Here's my attempt
ln ( 2 - 5x ) > 2
= ln 2 - ln 5x > 2
= - ln 5x > 2 - ln 2
= x < (2- ln 2) / -ln 5
Is there a way I can simplify this even more guys. thanks for all your help so far
Have a look at that line I've bolded. Perhaps have a look at your logarithm rules again, and see if you can see what you have done wrong. The answer the book has is infact correct.
Your answer is correct now. It is exactly the same as the books answer, but they have just multiplied both the top and bottom of the fraction by -1, just to make it look a bit neater.
You're correct sir, but I still can't get my greater than or less than sign to match up. I'm mulitplying top and bottom by -1 so that's twice making my < sign stay the same. Thanks for over looking my work my kind sir, but just missing one part of the puzzle : )
Oh sorry didnt even realize you had the inequality sign the wrong way around. How did you you go from ln (2-5x) > 2 to e^2 > 2- 5x? It seems you have got the inequality sign the wrong way round here.
If ln (2-5x) > 2, then that should imply that 2-5x > e^2, not the other way around.
You went from ln (2-5x) > 2 to e^2 > 2-5x. All I am saying is that you got the inequality sign the wrong way around in that first step.
All good up until (x - 5 ) ( x + 1 ) >= 0.

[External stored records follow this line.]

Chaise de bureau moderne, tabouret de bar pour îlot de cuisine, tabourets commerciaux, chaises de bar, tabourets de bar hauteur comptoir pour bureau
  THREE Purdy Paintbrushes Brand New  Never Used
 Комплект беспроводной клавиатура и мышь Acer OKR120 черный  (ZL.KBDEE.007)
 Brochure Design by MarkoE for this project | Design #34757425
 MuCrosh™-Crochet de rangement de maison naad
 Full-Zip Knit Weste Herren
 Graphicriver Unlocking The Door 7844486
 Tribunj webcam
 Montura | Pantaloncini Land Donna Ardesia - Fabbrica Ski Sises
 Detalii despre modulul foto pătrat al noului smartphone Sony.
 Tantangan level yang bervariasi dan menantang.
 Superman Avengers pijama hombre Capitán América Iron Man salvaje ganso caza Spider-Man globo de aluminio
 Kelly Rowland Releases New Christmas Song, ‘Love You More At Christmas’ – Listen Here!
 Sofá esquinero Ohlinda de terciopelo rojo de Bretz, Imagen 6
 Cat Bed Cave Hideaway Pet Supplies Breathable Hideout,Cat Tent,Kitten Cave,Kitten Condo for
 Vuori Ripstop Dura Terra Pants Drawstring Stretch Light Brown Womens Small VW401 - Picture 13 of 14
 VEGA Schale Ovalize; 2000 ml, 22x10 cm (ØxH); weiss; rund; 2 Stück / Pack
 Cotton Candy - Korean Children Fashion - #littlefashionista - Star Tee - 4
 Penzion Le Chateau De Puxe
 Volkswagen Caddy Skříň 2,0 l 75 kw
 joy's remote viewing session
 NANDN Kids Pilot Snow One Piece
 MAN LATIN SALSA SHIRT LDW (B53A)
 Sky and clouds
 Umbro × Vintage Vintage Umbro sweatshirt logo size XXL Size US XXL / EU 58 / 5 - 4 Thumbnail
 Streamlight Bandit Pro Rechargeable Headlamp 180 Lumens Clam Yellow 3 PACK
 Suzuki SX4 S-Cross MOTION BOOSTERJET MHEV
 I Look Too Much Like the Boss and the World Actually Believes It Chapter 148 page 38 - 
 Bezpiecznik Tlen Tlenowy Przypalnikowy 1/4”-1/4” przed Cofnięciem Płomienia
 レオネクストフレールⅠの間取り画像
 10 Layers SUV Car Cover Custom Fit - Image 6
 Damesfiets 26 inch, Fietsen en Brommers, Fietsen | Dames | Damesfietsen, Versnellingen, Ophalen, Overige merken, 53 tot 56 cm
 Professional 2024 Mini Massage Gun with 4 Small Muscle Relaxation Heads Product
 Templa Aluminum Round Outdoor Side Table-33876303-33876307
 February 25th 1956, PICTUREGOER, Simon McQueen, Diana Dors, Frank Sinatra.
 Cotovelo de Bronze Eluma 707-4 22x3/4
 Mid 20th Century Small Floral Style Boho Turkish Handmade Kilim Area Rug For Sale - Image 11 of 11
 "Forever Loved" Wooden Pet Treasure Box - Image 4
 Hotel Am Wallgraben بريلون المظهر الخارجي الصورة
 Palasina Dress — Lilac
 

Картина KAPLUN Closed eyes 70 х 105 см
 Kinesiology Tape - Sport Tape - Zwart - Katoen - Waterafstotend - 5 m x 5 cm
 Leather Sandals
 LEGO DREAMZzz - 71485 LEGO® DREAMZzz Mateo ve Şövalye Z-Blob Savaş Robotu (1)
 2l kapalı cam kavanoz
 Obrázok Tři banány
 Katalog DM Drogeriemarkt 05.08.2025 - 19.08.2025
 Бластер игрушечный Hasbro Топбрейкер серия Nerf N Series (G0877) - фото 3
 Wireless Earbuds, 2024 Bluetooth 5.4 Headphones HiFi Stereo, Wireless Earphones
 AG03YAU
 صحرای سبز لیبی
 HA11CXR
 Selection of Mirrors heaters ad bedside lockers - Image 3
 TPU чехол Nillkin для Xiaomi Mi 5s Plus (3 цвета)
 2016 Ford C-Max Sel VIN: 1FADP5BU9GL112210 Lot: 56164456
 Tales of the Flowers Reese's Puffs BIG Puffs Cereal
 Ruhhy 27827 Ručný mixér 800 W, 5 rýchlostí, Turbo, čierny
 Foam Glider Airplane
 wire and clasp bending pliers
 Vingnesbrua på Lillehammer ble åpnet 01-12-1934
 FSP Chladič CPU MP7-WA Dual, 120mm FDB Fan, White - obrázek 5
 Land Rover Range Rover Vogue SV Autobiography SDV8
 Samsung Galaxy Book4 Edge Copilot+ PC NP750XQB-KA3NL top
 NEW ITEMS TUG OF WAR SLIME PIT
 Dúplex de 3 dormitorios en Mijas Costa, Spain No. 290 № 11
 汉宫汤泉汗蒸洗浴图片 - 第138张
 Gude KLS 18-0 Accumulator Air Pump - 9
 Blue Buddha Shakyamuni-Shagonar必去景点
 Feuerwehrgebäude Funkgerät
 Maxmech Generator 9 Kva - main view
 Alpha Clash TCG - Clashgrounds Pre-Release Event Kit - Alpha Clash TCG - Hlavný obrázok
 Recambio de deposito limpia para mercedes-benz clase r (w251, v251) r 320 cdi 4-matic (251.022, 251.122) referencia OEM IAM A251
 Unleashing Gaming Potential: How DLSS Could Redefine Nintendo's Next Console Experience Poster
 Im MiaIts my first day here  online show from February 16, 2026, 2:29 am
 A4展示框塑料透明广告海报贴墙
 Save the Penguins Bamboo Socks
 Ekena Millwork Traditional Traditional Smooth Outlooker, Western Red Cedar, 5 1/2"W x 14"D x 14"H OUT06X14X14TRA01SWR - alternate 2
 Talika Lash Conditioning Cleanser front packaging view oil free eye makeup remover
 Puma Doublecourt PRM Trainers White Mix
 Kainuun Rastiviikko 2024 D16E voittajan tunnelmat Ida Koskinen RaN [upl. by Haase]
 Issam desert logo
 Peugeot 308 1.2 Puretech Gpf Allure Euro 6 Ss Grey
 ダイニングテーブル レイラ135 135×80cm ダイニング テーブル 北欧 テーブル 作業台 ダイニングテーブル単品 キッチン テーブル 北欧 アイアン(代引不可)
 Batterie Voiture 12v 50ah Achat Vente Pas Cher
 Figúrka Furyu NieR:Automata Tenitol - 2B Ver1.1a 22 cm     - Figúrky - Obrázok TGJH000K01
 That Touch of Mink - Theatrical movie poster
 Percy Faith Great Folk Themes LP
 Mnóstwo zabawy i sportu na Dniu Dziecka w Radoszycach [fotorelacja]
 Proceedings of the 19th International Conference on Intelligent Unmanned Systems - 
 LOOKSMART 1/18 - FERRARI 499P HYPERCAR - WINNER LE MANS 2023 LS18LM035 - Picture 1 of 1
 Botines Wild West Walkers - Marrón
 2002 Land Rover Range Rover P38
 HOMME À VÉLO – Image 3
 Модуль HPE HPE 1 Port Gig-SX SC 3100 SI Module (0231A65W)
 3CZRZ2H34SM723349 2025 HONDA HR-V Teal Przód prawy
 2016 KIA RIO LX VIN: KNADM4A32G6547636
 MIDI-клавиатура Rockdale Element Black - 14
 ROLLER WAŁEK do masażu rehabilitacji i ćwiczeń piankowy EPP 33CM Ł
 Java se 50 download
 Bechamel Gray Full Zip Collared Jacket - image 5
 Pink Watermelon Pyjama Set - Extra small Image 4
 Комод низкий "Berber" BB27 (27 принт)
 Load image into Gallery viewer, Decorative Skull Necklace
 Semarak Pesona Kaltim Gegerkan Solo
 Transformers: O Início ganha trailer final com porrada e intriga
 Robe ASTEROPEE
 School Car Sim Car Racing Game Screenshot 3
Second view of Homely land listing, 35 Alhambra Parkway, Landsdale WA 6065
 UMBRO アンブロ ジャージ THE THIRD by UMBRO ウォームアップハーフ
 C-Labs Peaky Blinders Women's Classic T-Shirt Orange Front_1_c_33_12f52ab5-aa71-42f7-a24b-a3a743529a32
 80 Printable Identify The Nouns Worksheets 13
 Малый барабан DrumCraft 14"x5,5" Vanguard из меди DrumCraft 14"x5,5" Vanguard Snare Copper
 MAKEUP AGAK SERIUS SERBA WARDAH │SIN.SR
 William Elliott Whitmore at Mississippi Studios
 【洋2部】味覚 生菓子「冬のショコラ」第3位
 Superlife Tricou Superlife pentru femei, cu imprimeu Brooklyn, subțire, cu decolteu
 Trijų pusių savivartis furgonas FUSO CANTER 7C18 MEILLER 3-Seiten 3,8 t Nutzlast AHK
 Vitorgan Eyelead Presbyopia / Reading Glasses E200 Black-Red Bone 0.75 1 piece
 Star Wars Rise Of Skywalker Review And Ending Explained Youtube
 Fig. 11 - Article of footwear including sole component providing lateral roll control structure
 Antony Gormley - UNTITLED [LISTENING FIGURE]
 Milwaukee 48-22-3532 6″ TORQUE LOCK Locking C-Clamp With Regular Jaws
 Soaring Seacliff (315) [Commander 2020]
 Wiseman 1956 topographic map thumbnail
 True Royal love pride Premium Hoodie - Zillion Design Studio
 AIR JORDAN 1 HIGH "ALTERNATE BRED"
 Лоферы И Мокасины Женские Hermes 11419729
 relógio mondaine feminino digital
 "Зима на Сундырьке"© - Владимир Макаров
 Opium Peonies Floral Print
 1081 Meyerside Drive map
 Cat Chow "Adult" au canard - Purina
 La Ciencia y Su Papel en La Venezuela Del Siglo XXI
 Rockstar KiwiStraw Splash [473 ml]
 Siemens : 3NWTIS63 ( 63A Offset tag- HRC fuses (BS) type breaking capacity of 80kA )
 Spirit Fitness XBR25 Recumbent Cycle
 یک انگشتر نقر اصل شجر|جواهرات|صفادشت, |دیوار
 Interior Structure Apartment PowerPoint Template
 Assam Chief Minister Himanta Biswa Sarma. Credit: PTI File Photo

What we are essentially saying there is that the product of two numbers (x-5) and (x+1) is positive. That means they must be the same sign; either both positive, or both negative.
Lets look at the case where they are both positive:
x-5>0 Therefore x>5
x+1>0 Therefore x>-1
We need when they are BOTH positive, so that only occurs when x>5.
If you do the same and find when they are BOTH negative, you will see that x<-1.
Does that make sense to you?
danago, Thank you so much! yes that does make sense to me, because a positive times a positive equals a positive and a negative times a negative is a positive. I see why that would be a solutkion
Is there anyway I can repay you for all your help?